As a coach working with businesspeople to make changes, grow, balance their lives and achieve goals, my foundational principle is accountability. I teach class series’; I coach one-on-one and in groups; and you can ask any of the people I work with about what is indispensable to reaching one’s goals and they will tell you – accountability. Accountability is ownership. It is a way of looking at challenges and asking, “what is my part in this?” “How can I change this?. It is a mindset, a place we come from, a place to start, and something that is underneath all of our actions. Because whether we act like it or not, whether recognize it or not, whether we admit it or not, we are in the end, accountable. Recognizing this offers true power. Once you know you have that power, you are truly on your way.
When we are accountable, we say things like “I see where my actions led to this result;” “I am going to take a look at what I did here and fix it for next time;” “I wonder what I can change to get what I am after in the future?”
We don’t beat ourselves up. We observe our behavior and if it doesn’t work, we change it. I describe accountability as running a spectrum from truly accountable (don’t worry; you can never achieve that fully – the goal is just move in that direction) to victimhood – victim to all of the circumstances around you. This sounds like “I have no power; I have no control; they made it happen; I had no choice.” When you are close to the victim end of the spectrum, you point at all the things which are, and which you believe to be, outside your control. (The truth is we have more control than we think we do.) At the victim end, we tell “stories” about the circumstances and use them as excuses.
Victim ——————————————————————————– Accountable
Recently, the question arose – if I miss a deadline and I tell you why that is, am I making an excuse? In other words, is it always true that my mentioning a circumstance outside myself is making an excuse and taking a non-accountable position?
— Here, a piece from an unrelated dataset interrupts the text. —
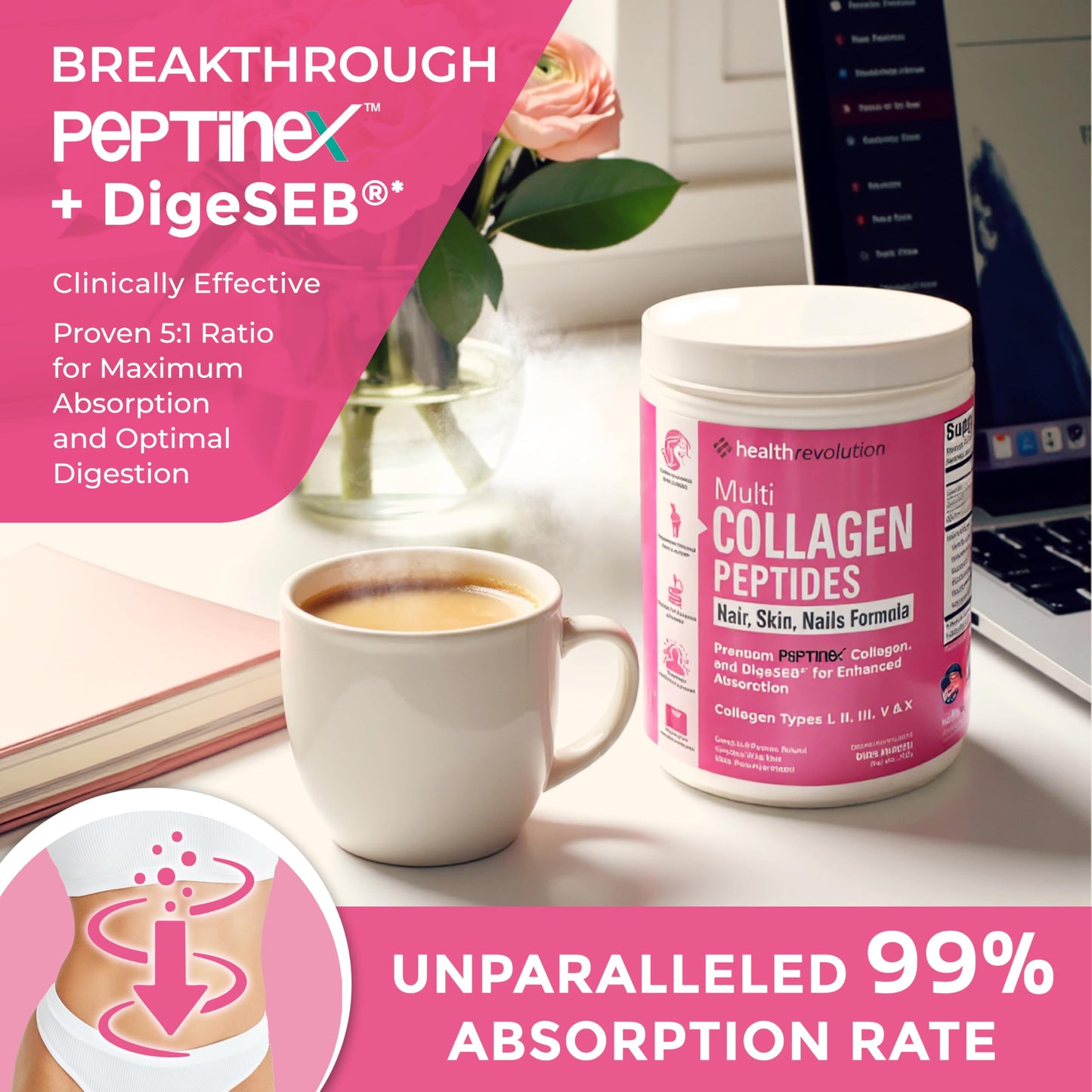 Multi Collagen Protein Powder – Types I–X, 99% Absorption, Unflavored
Being accountable means realizing you have the power to make change. Imagine on March 1, your boss asks you to finish a project by March 15. On March 14, you are working away, on schedule and her boss comes in and asks you to do a different task right now. You do what the more senior manager asks and as a result, you do not get the March 15 project done on time. That is the truth. That is what happened. You aren’t making it up. So when your boss asks you where the project is on March 15, what is the accountable response? Better than thinking about the words to use might be to ask what it means to be accountable? The goal is to demonstrate your ownership – to her and to yourself. The goal is to assess what went wrong, learn from it and make changes in the future so both you and your boss know that this won’t happen again. “But wait,” you say, “I have no control over whether this happens again.” And here is where excuse vs. accountable comes in.
As a rule, you can assume you have little to no control over the circumstances. But (and this is why I say we have more control than we think we do) you have complete control over your response to the circumstances.
“We are responsible for actions performed in response to circumstances for which we are not responsible.” –Allan Massie
So when the more senior boss comes into your office on March 14 and asks you to do something right now, you have no control over that. What can you control? Saying yes or no; going to your boss and letting her know; working through dinner (or not). You also have control to learn from this and make changes in the future: to get started earlier on projects that are due in two weeks; to learn to manage your time better; to learn how to prioritize more effectively; to have a conversation with all your supervisors about the way that work is assigned and come to some better agreements. The possibilities truly are unlimited. But if you do not see that you have choices, all you can see is “I was going to be done on time when she came in on March 14 and I had no choice but to do her work and not get fired.”
So here is my answer to the question “is mentioning the circumstances making an excuse?”
It could be an excuse if you tell your boss:
• I had no choice but to do the work for her when she came in at the last minute;
• It’s not my fault;
• I would have been done on time;
• She is so unreasonable;
• I have too much to do;
• What do they want from me?
Or it could be accountable if you say to your boss:
• I chose to do what she asked;
• In the future, I’ll come to you in this circumstance and ask you what you want me to do;
• I will also start on long-range projects earlier so I am not working to the last minute and if things come up I can better handle them;
• Do you have suggestions for me handling this better next time?
In the end it is an excuse if you point to the circumstance and say you had no choice, you see no choice and you would have to do the same thing again in the future. It is not an excuse if you mention the circumstance in order to learn about your reaction to it in order to change your reaction in the future. Talking about circumstances in order to improve your future response to them is accountability.